#### Listed records:
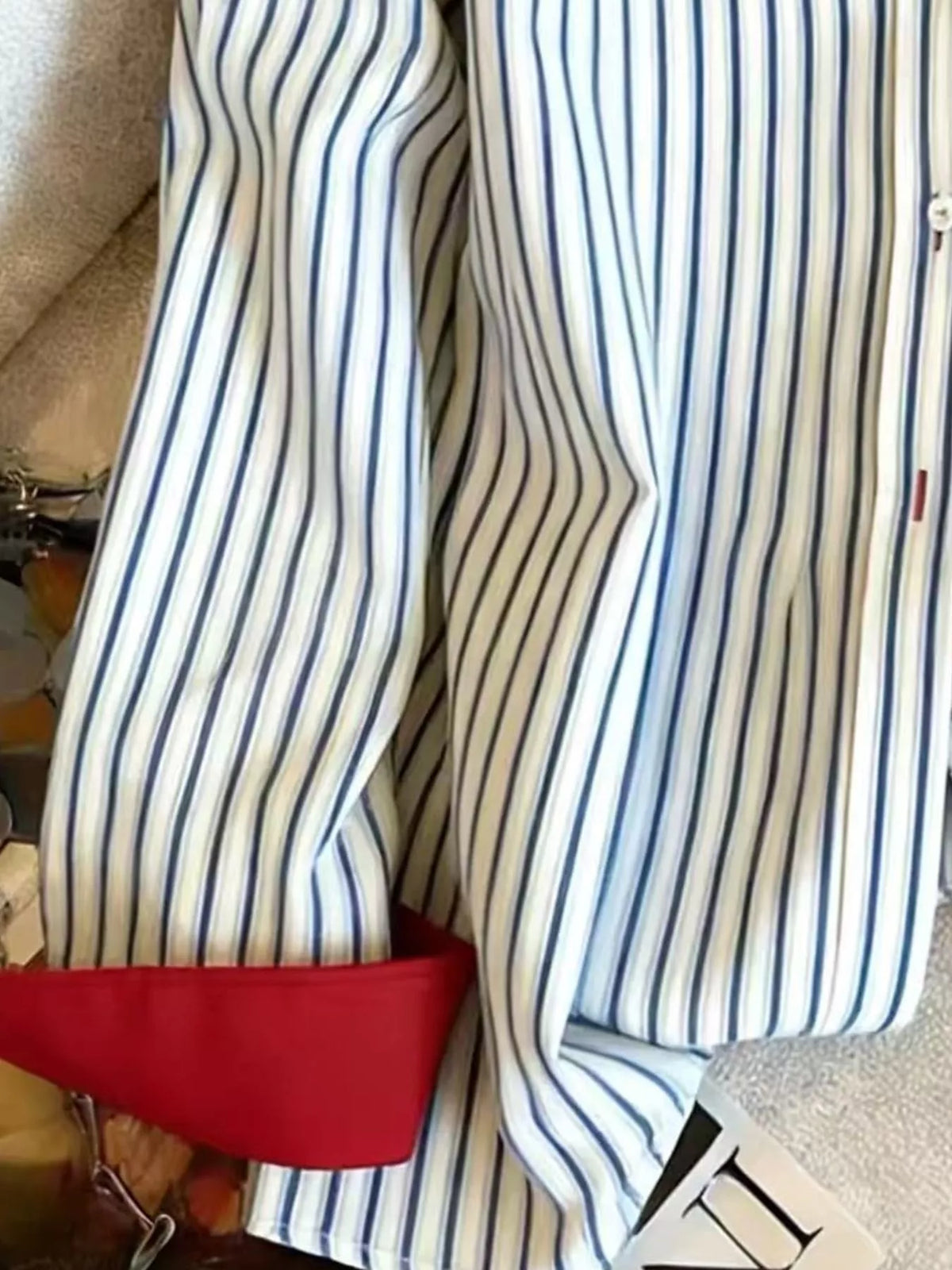 Contrast Trim Striped Long Sleeve Shirt, detail view in red-trimmed stripes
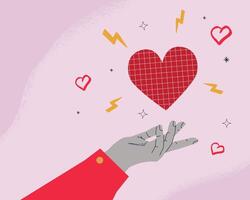 A minimalistic illustration depicting a hand and a heart with lightning bolts above it. Simple abstract design for social media and Valentine's day celebrations. The symbol of the love offering. vector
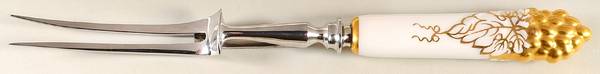 Vine Gold Fork-Carving/Stainless Prongs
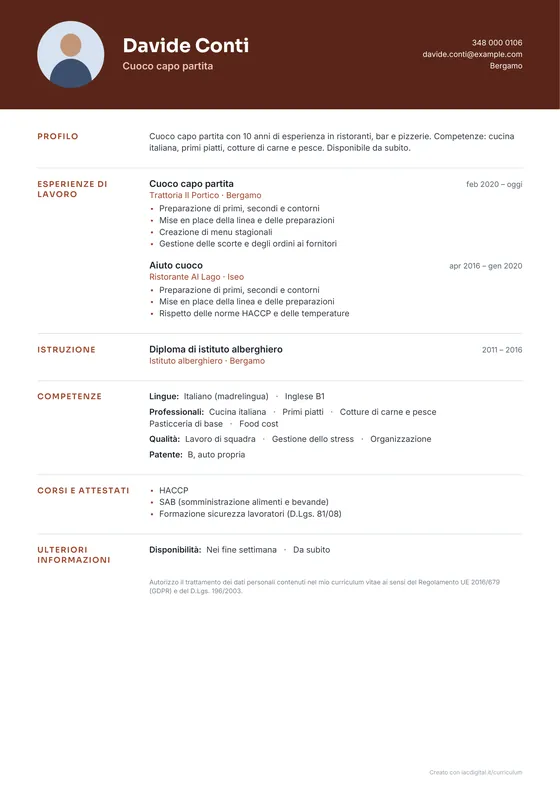 Esempio di curriculum con il modello Compatto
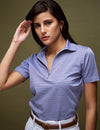 Logus Cotton Houndstooth Pattern Polo Collar T-shirt
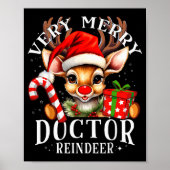 Very Merry Doctor Reindeer Matching Christmas Poster (Vorne)
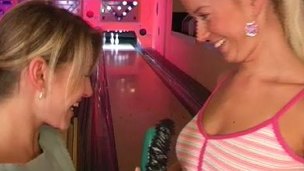 Babes at a bowling alley party have sexy sex on the hardwood floor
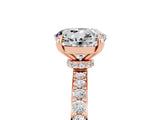 Rose gold Round Cut Moissanite Solitaire Engagement Ring with Pavé Band and Four-Prong Setting_5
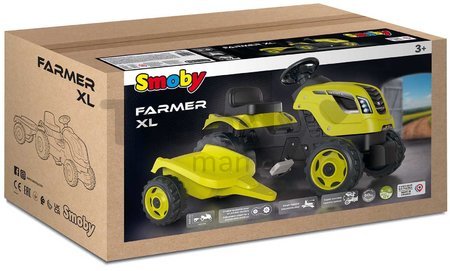 Traktor na šľapanie a príves Farmer XL GreenTractor+Trailer Smoby zelený s polohovateľným sedadlom a so zvukom 142 cm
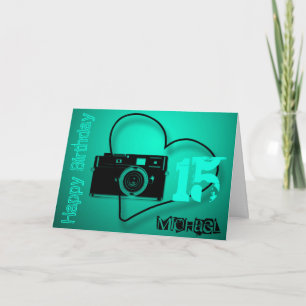Cartão Old Camera 15th Birthday personalized Card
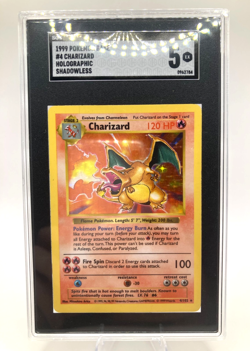 Pokemon TCG 1999 Base Set SHADOWLESS Charizard Holo 4/102 SGC 5 PSA NICE - Image 1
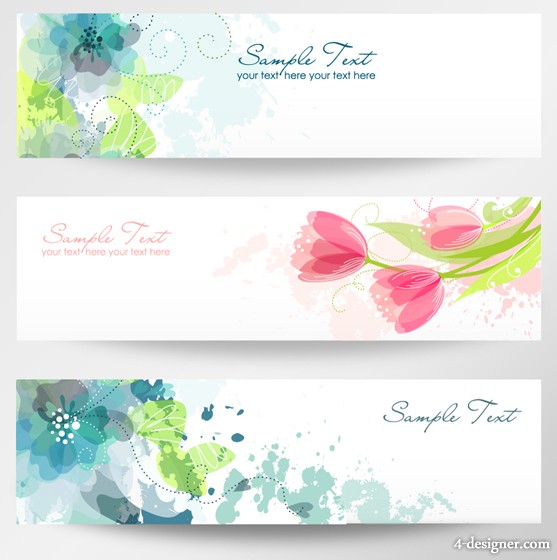 Designer Elegant Floral Banner Vector Material 557x560 Designer Elegant Floral Banner Vector Material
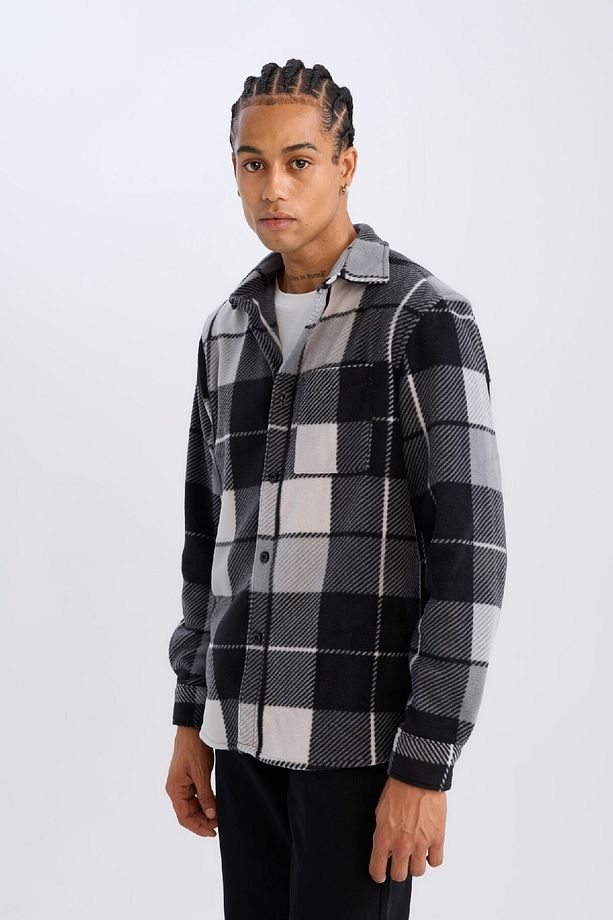 Regular Fit Kareli Polar Uzun Kollu Gömlek V2767AZ24WN - 3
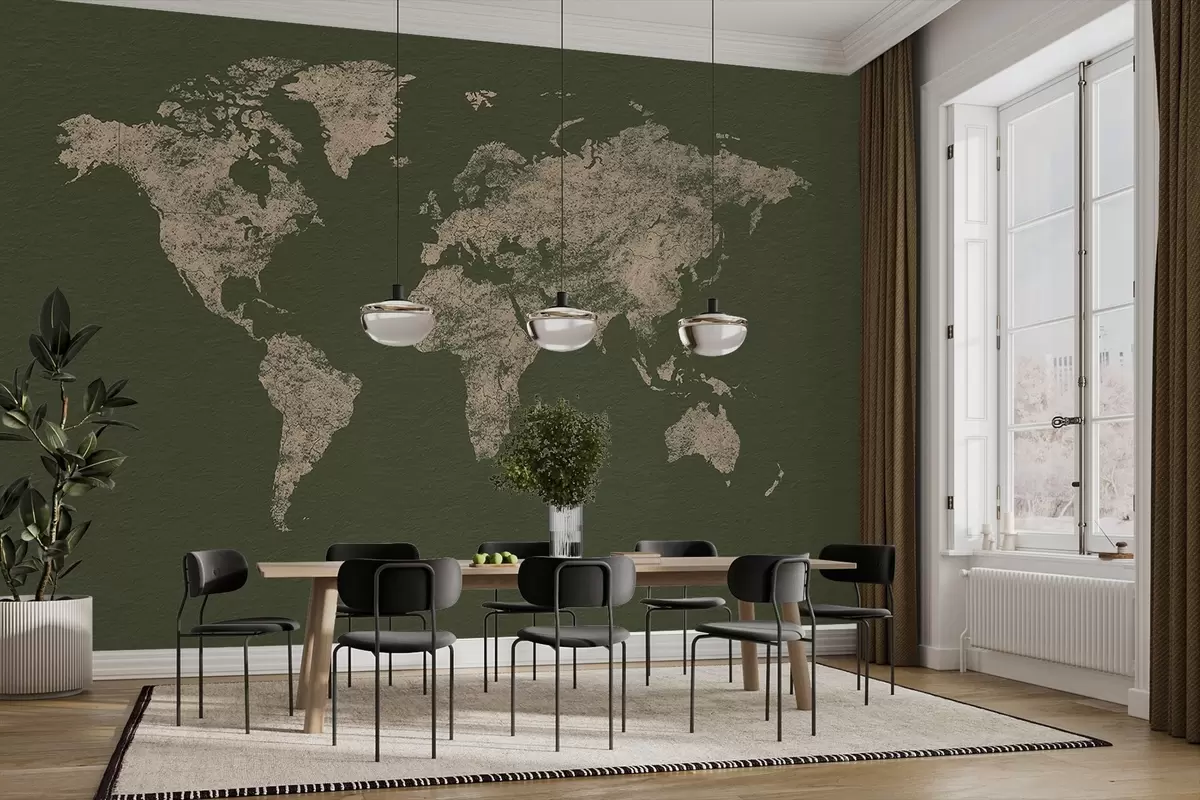 murales de pared Mapa de texturas del mundo w03312v4
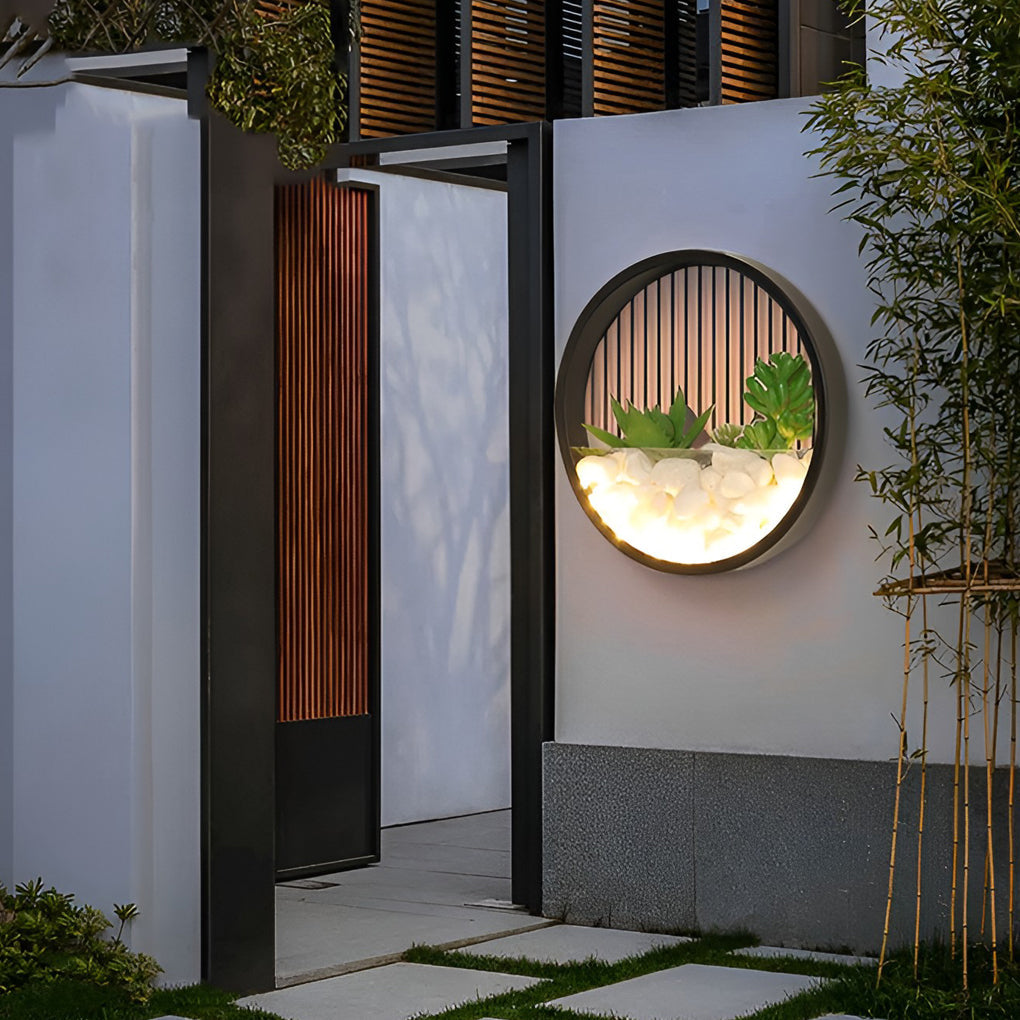 Landscape Decorative Round LED Outdoor Wall Sconce with Artificial Plants and Stones 18W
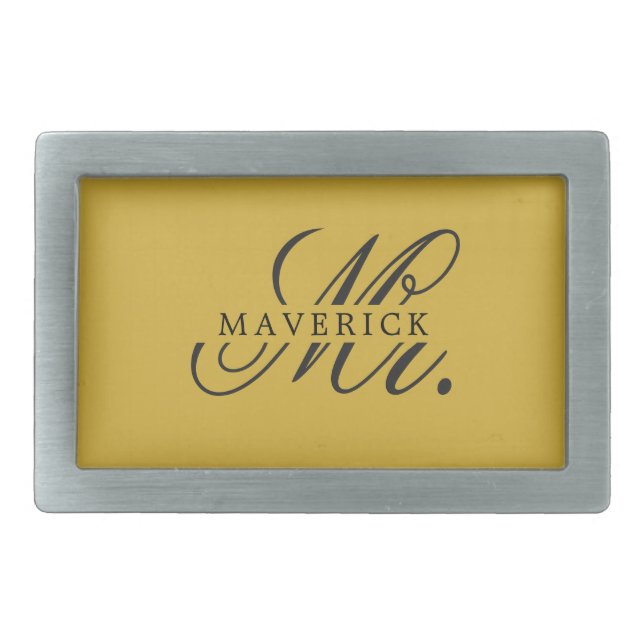 Stylish Mr. & Name Text Stylish Rectangle Belt Buckle (Front)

#### Assigned task:
Leaving the pictures aside, copy exactly and only the lines from the one holding "murales de pared" through the final line of the data, both ends kept.

#### Solution for this problem:
 murales de pared Mapa de texturas del mundo w03312v4
 Landscape Decorative Round LED Outdoor Wall Sconce with Artificial Plants and Stones 18W
 Stylish Mr. & Name Text Stylish Rectangle Belt Buckle (Front)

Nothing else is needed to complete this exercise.